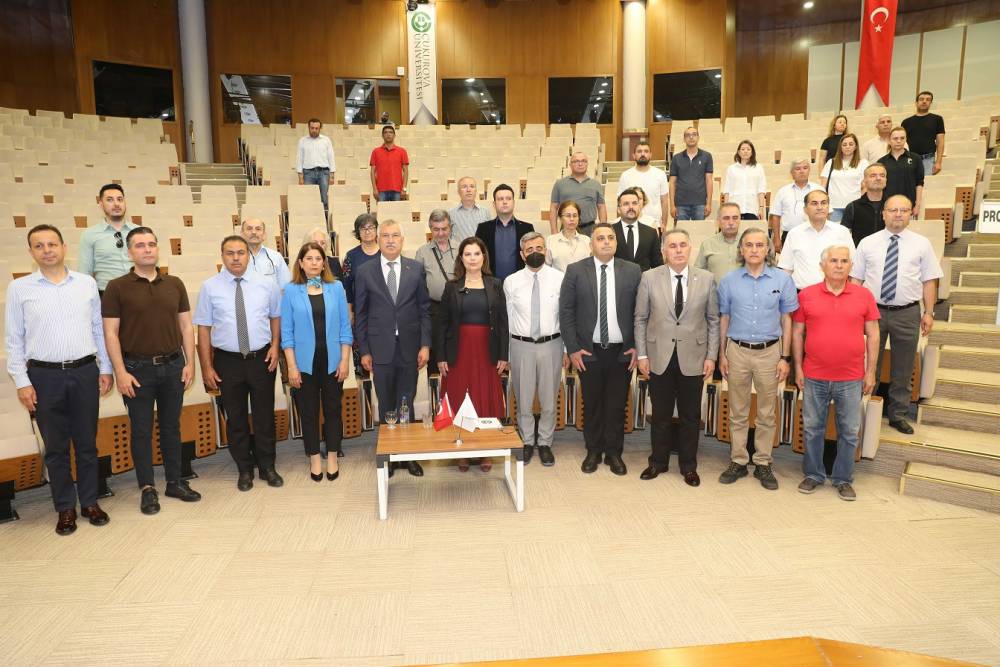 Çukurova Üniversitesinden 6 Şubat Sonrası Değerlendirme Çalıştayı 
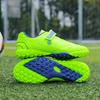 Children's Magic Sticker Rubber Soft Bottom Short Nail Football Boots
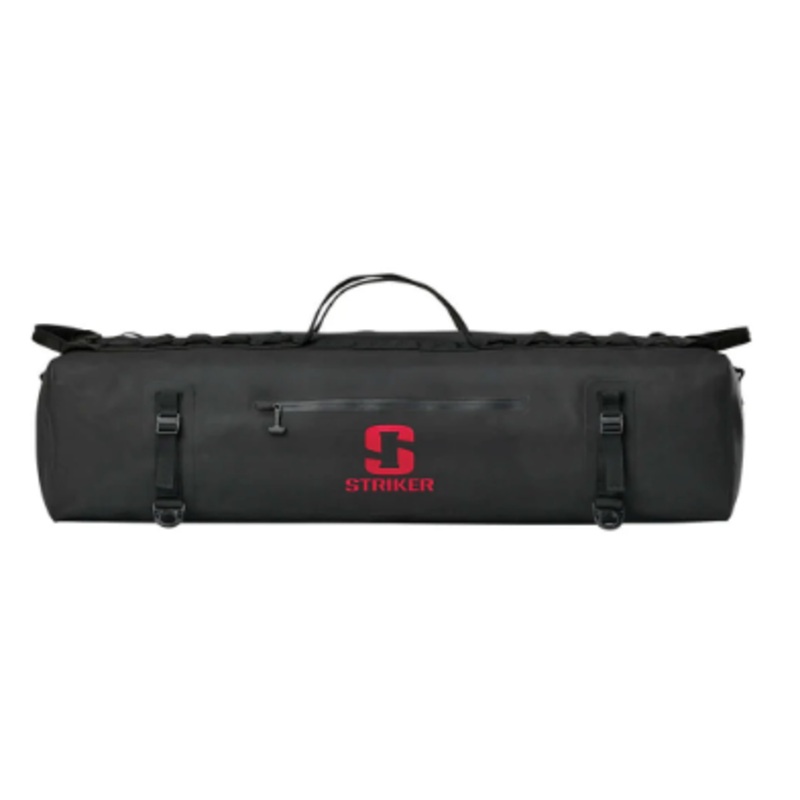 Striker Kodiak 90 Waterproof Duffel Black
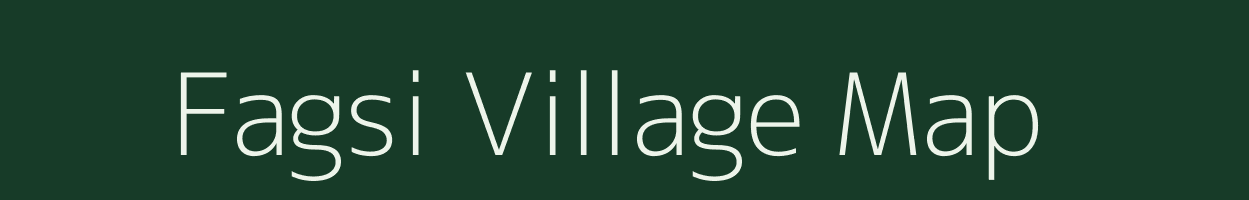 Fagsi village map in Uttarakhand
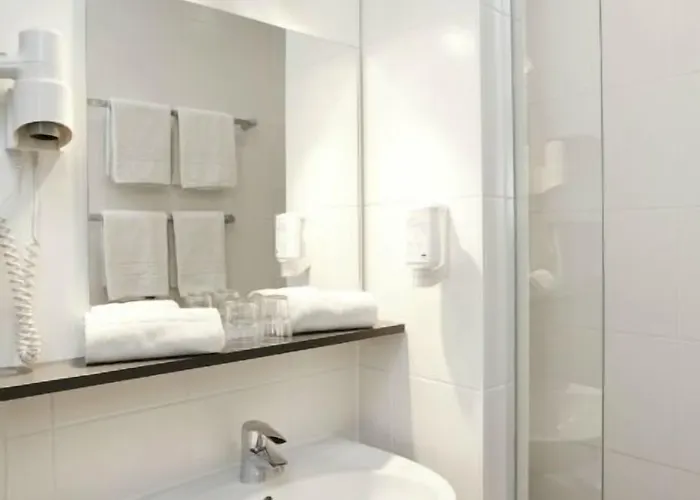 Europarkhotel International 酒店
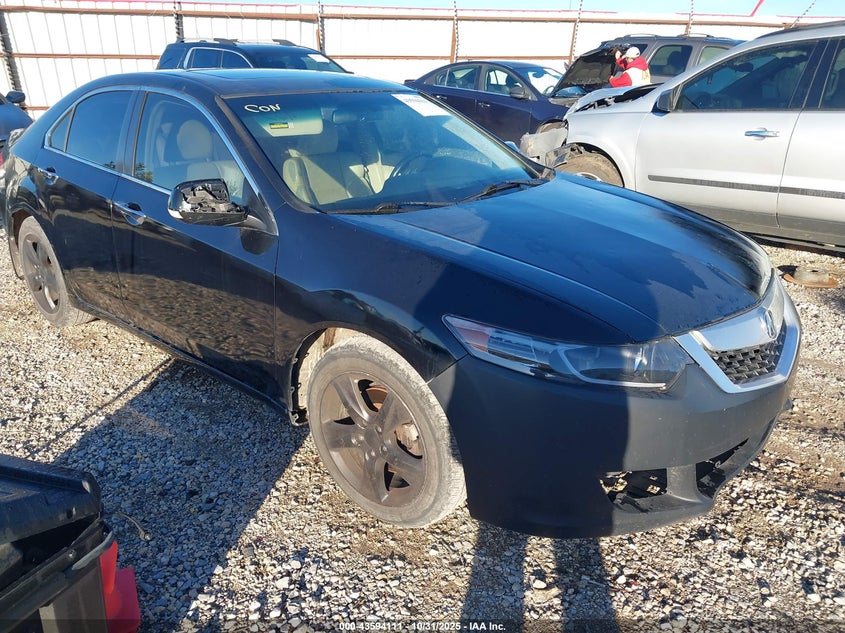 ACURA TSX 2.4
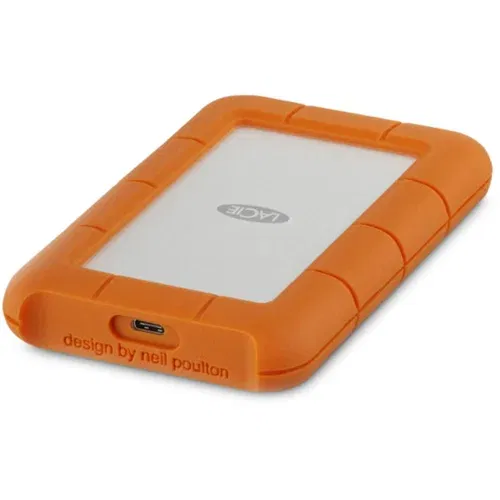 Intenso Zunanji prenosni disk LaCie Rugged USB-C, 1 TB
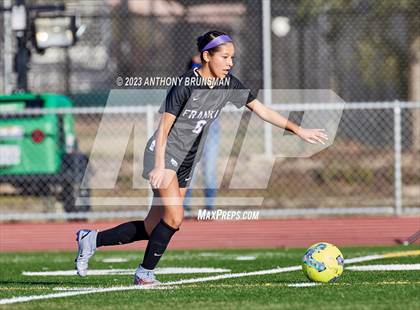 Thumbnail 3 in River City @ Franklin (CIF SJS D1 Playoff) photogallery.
★ ★ ★ ★ ★ ★ ★
# REQUIRED ACTION
Output everything in the records exactly, leaving pictures out.

# YOUR SOLUTION
 Çukurova Üniversitesinden 6 Şubat Sonrası Değerlendirme Çalıştayı 
 Children's Magic Sticker Rubber Soft Bottom Short Nail Football Boots
 Striker Kodiak 90 Waterproof Duffel Black
 Fagsi village map in Uttarakhand
 Europarkhotel International 酒店
 ACURA TSX 2.4
 Intenso Zunanji prenosni disk LaCie Rugged USB-C, 1 TB
 Thumbnail 3 in River City @ Franklin (CIF SJS D1 Playoff) photogallery.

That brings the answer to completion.